Iphigenia is a bigger block than Ignatius imagined.
‘But before the knitting, Iphigenia comes here.’
Comes here, to the man’s room? Iphigenia? Iphigenia did not come straightaway to be a knitting elf as Carla had done.
Doubt has been cast. The block will crumble. They took his legs, they took his arms so he will slither on his belly like a snake. He slides into her mind and bites. ‘She comes here and asks many questions about the phone. Iphigenia has it, that’s why you can’t find it. I want you to have this treasure, Carla. Iphigenia is not your friend. She tricked you. She tricked you into getting the phone and now she’s keeping it all to herself.’
No, no, no. Her baby fists pound the air. No, no, no. She does not want to hear it. Carla runs from the man, runs to her room. Iphigenia tricked her. She tricked her into handing over the phone, she tricked her into night knitting. Just when Carla thought she had become her friend.
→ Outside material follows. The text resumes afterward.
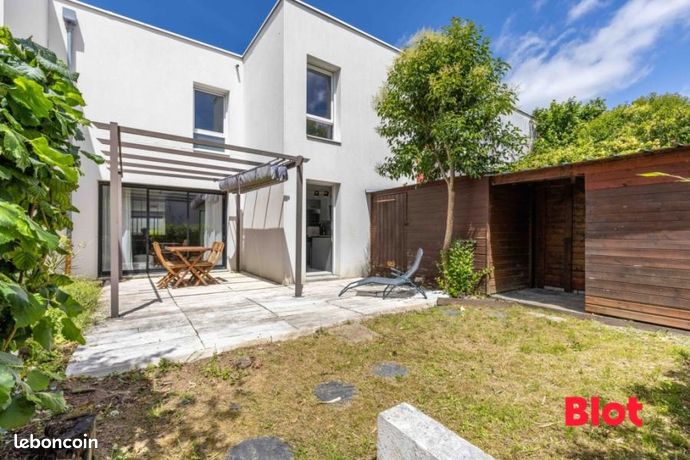 Maison 7 pièces 117 m²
Iphigenia was a witch. She offered Carla the sweet rosy red apple of a game. Carla should have remembered that it was poisonous.
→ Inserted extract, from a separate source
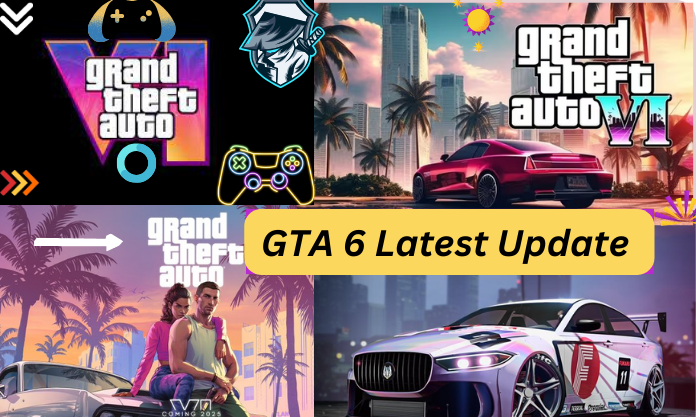 GTA 6 Latest Update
She gets out her escapecoat. It is a long time since she has seen all the tight little knots of Iphigenia’s hurts. She throws it aside, a dusty old cobwebby thing. She runs into the fields. Running running running. But no matter how fast she goes the trick thing follows. She feels her face twisting up, her body shaking. She hears a strange windy sound, like the coming of a storm. It is howling through the trees, c
oming closer and closer. She is shaking so much her leaves are falling off.
She drops to the ground, scrambling through the brambles. She is outside now, running down the hill, into a sunset the colour of blood. When she stops running, she will stop being Carla. She will become a speck of foam, splashed up on a rock in a place where Iphigenia will never find her.
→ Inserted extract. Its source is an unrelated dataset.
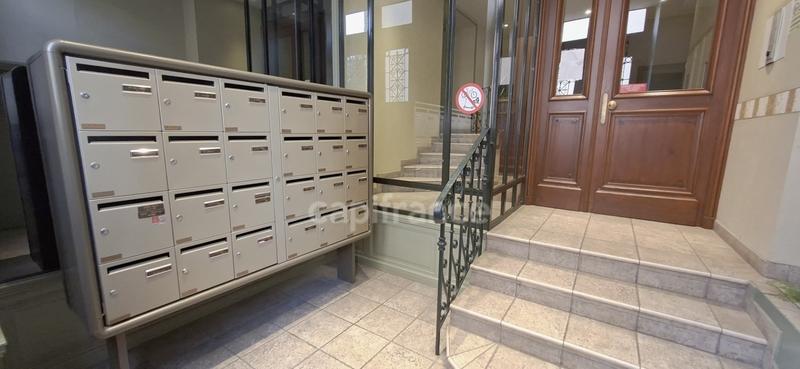 Appartement bourgeois - 103 m² - 3 pièces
‘What man of you, having a hundred sheep, if he lose one of them, doth not leave the ninety-nine in the wilderness, and go after that which is lost, until he find it? And when he hath found it, he layeth it on his shoulders, rejoicing.’
The sun was almost down when Iphigenia realised Carla was missing. She had seen her run past, smelled her turmoil. She had not come to Vespers. Sometimes Carla played games by herself, put herself into a story. She would be Hansel and Gretel, she would be Goldilocks shrieking through the forest with bears running after her. Then she would become Carla again and help them get the dinner ready. It was different this time.
She was not in her cell, she was not in the chapel, she was not in the courtyard. Iphigenia walked into the fields, her nose jutting in the air. No brightly coloured clots of Carla. She thought she could detect her faintly but wasn’t sure if it was a real smell or the indelible memory of it.
A tunnel had recently been cleared through the brambles and the door to outside was open. Iphigenia followed where the scent led her, sniffing for Carla, trying to get her nose above the smell of her own anxiety.
Iphigenia looked down to the sea below, straining her eyes for sight, straining her ears for sound. There was nothing to see but the sea, nothing to hear but the wind and squawking birds. Carla. Carla.
‘Kiri, kiri. Carla?’ The wind ripped Carla’s name right out of her mouth.
Iphigenia starts to descend. She will find Carla. She will not come back without her.